Charles mutters something incoherent and we drive him to his apartment building, where Mora helps him out of the car and shadows him on his very slow, hesitant walk to the apartment lobby. At the sight of Charles, the worker at the front desk races to the front door, flings it open, and watches him anxiously as he goes through, as though Charles were weapons-grade plutonium.
“He’s proud,” says Mora, of Charles. “So it’s hard. You don’t want him to fall, but he doesn’t want you holding him up, either.” The whole thing takes 15 minutes, and as Charles and Mora part ways, he reaches into his pocket and pulls out a few rumpled singles. “Is that enough?” he says. “It’s always enough,” says Mora.

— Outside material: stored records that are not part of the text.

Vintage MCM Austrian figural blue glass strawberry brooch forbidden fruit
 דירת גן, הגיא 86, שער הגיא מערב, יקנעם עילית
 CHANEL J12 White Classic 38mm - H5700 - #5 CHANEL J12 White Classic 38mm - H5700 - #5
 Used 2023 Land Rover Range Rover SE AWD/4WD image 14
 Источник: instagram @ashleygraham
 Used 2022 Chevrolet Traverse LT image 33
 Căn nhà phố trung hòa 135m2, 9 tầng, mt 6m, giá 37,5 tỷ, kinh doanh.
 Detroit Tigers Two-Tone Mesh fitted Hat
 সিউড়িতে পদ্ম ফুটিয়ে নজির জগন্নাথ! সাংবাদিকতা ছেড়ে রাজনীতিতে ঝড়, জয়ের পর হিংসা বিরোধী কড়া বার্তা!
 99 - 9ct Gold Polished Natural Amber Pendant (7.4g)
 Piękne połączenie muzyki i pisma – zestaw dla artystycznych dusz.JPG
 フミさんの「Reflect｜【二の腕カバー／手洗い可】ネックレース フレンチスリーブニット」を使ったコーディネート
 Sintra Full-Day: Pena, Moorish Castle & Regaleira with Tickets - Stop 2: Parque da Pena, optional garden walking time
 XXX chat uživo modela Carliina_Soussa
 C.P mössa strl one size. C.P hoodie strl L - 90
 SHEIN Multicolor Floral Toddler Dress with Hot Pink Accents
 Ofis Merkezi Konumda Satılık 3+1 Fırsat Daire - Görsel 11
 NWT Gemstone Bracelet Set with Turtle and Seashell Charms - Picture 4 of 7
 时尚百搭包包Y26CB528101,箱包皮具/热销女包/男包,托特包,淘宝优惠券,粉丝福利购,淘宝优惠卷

If you are wondering about the strength of Homobiles’ pay-what-you-can business model in one of the most expensive cities in the country, you would be right to wonder. In the early days of Homobiles, the system worked pretty well: More solvent passengers tipped generously, which made up the difference for passengers who were more financially marginal. But the solvent customers have been disappearing – probably poached by Uber and Lyft, which have been racing to cut prices with the hope that, when the dust settles, they’ll be the last app standing.
Homobiles can’t match Uber and Lyft either in the number of drivers or in technological sophistication. Developing its own app is probably the service’s best way to survive, but paying for that is proving to be a challenge. Its main advantage is that it actually is the convivial, community-oriented “your friend with a car” thing that TNCs like Lyft are trying to position themselves as.
Fifteen minutes later, the doors open and the audience pours out
Lyft in particular is making a big push to court the city’s queer population, both as drivers and passengers – I recently got a Facebook invite to the funeral of a local queer icon, and the comments section was full of people offering Lyft coupons to anyone who attended. A few weeks ago, I was walking through Soma just as the bars let out, and the man in front of me started talking to his friend about how, when he got to his car, he was going to turn on the Lyft app in the hopes of catching a fare home – but also on the off chance that he might pick up a hunky, end-of-the-night hookup. “But it’ll probably be some straight girl,” he said, sighing. “That would be just my luck.”
I’m going to promote the shit out of this!
“We’re in trouble,” says Mora. “If this keeps up, we’re not going to survive for much longer. Us old-school folks remember when all we had was each other,” she says, reflectively. “But our children – they’re captivated by the new and shiny thing.” She wonders out loud about what it would take to keep the operation going: A less edgy name, maybe?
Mora pulls up to the Brava Theater on 24th Street. Someone has called for a ride to the https://hookupdate.net/talkwithstranger-review/ East Bay away from the theater, but the show, based on the life of disco icon Sylvester, hasn’t yet ended. Two young women spot the sign on the side of the door and collapse with laughter. “Homobiles?” one of them says, reading the magnet on the side of Mora’s Subaru. “I’m going to put this on Instagram! Fuck Uber! Do you have Twitter?”
The ride from the theater turns out to be a former member of the San Francisco drag troupe the Cockettes, who tells us to check out a film somebody made about him. “It’s the story of an elusive countercultural pioneer – me!” he says, by way of introduction.